▶ [The data]:
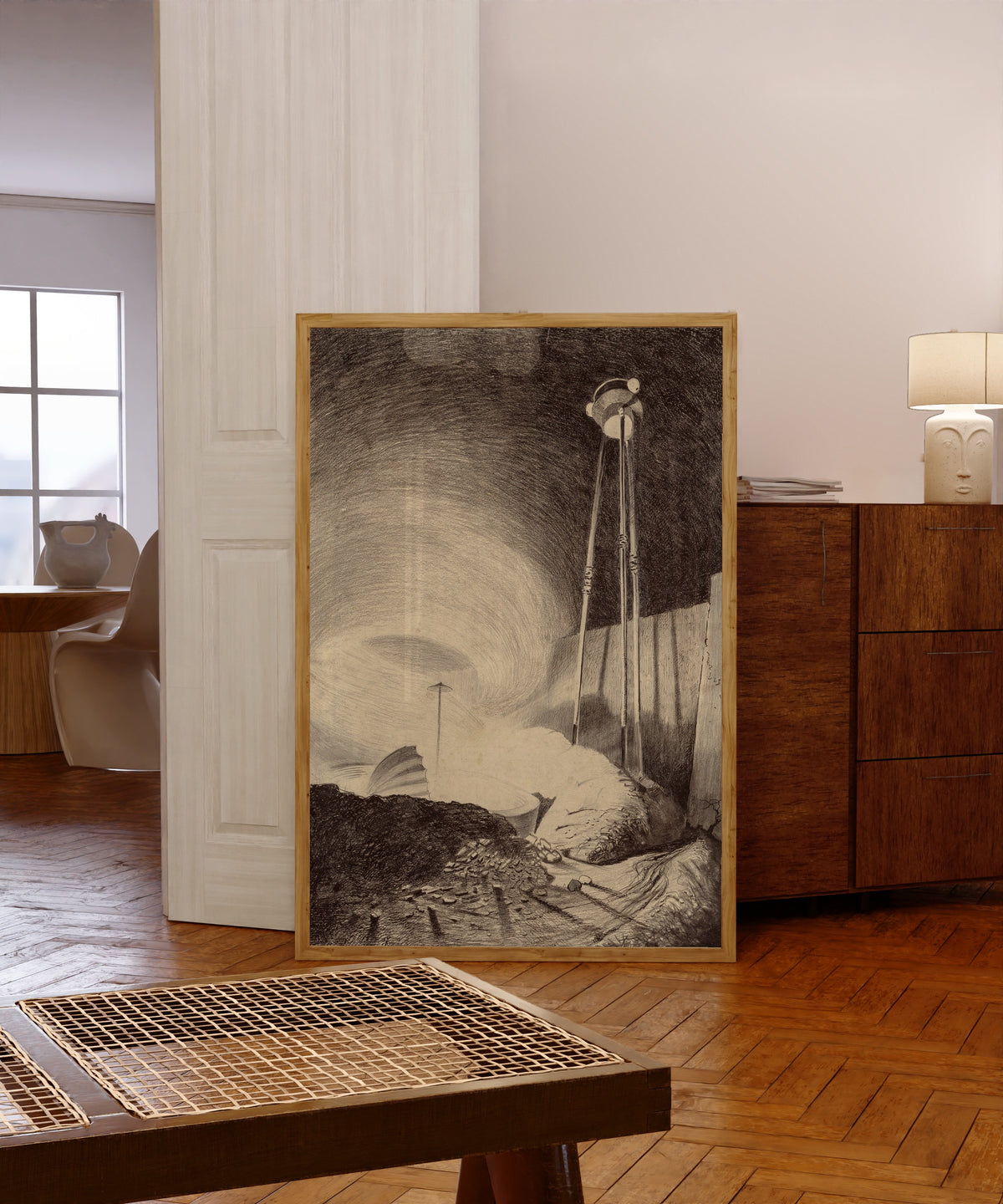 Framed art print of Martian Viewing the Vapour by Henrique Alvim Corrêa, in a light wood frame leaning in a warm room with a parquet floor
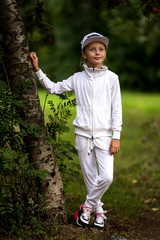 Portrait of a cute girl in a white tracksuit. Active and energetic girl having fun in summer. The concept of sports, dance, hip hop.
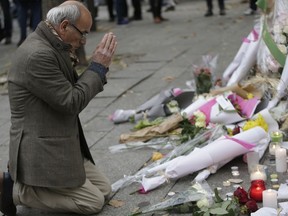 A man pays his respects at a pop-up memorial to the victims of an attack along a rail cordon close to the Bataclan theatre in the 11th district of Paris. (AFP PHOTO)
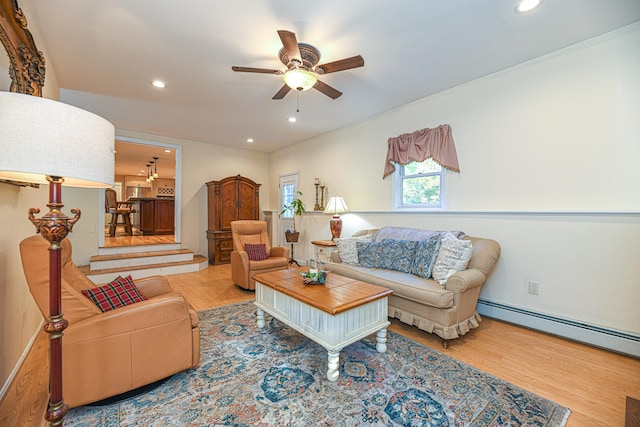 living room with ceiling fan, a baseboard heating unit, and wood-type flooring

▶ [Brief]:
Exactly the lines above from the one that contains "Portrait of a" down to the one that contains "A man pays his" are to be output, both ends kept and pictures omitted.

▶ [Written reply]:
 Portrait of a cute girl in a white tracksuit. Active and energetic girl having fun in summer. The concept of sports, dance, hip hop.
 A man pays his respects at a pop-up memorial to the victims of an attack along a rail cordon close to the Bataclan theatre in the 11th district of Paris. (AFP PHOTO)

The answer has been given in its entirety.